Quest’anno le meditazioni sono state affidate dal Pontificio consiglio per la promozione dell’unità dei cristiani al Cemo, che ha sede a Beirut. Il loro tema è tratto dalle parole pronunciate dai re magi al loro arrivo a Gerusalemme e riportate dal Vangelo secondo Matteo: “Poiché noi abbiamo visto la sua stella in Oriente e siamo venuti per adorarlo”. Al centro di queste riflessioni, la situazione assai difficile dei cristiani oggi in Oriente e l’urgenza di lavorare per l’unità. È stato il capo della Chiesa armena cattolica, ospite della cerimonia, a pronunciare l’esortazione centrale.

Dei “gesti che non corrispondono alle buone intenzioni”

Lontano dalle formule edulcorate delle meditazioni tradizionali, il patriarca Minassian ha ricordato ai suoi pari che “le Chiese continuano a subire divisioni che le hanno fatte a pezzi in passato” a causa degli “egoismi individuali e collettivi” mostrati dagli uomini di Chiesa e dalle gerarchie religiose. Egli ha poi affermato che “le loro azioni non corrispondono alle buone intenzioni” e “non colgono il vero significato” del sacrificio della Croce. 

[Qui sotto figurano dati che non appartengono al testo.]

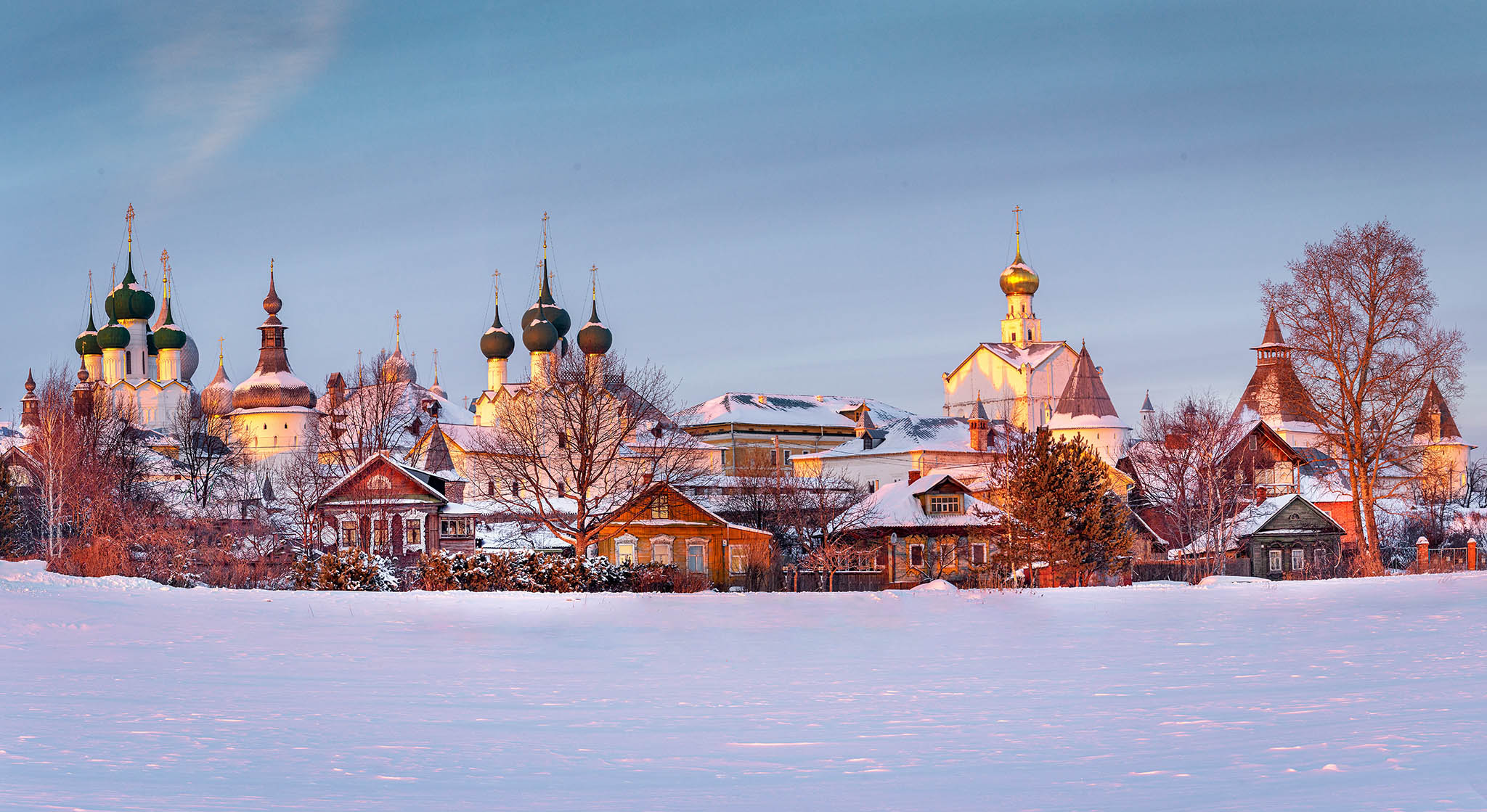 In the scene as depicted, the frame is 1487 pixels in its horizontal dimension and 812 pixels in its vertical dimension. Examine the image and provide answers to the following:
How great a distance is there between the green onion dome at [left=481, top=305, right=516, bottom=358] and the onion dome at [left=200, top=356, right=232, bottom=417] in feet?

Denunciando una delle “architravi” dell’ecumenismo, che consiste nel “lavorare per l’unità, ma con lo scopo di trascinare gli altri verso i propri principi”, il capo della Chiesa armeno-cattolica non ha esitato a paragonare le Chiese ai soldati romani che, ai piedi della Croce, si sono divisi le vesti di Gesù. 

Affrontando il delicato argomento della presenza reale di Cristo nell’eucaristia, sotto la forma del pane e del vino, egli si è mostrato meravigliato del fatto che “il cattolico rifiuti la comunione con gli ortodossi e gli ortodossi rifiutino la comunione con i cattolici”. “Ma il Cristo cattolico è diverso dal Cristo ortodosso - si interroga il patriarca Minassian - o il sacramento del battesimo è diverso nell’uno rispetto all’altro?”. Siamo ben consapevoli, prosegue, che tutti i sacramenti della Chiesa sono stati stabiliti direttamente da Cristo, quindi “dove sta la controversia? La questione non è forse tutta umana, inghiottita dall’egoismo settario, lontana da qualsiasi principio spirituale e cristiano?”.

Per alcuni ambienti ecclesiastici, non vi è dubbio che il messaggio formulato in modo così diretto dal patriarca degli armeni cattolici si riferisce alle “opacità” e agli “errori” a cui il papa ha fatto riferimento nel suo discorso ai patriarchi e ai capi delle Chiese orientali riuniti la scorsa estate in Vaticano (primo luglio). Il pontefice ha detto: “In questo frangente buio abbiamo cercato insieme di orientarci alla luce di Dio. E alla sua luce abbiamo visto anzitutto le nostre opacità: gli sbagli commessi quando non abbiamo testimoniato il Vangelo con coerenza e fino in fondo, le occasioni perse sulla via della fraternità, della riconciliazione e della piena unità. Di questo chiediamo perdono”. In quel caso il papa aveva parlato a nome di tutti. Forse è giunto il tempo che le Chiese orientali parlino ciascuna per conto proprio?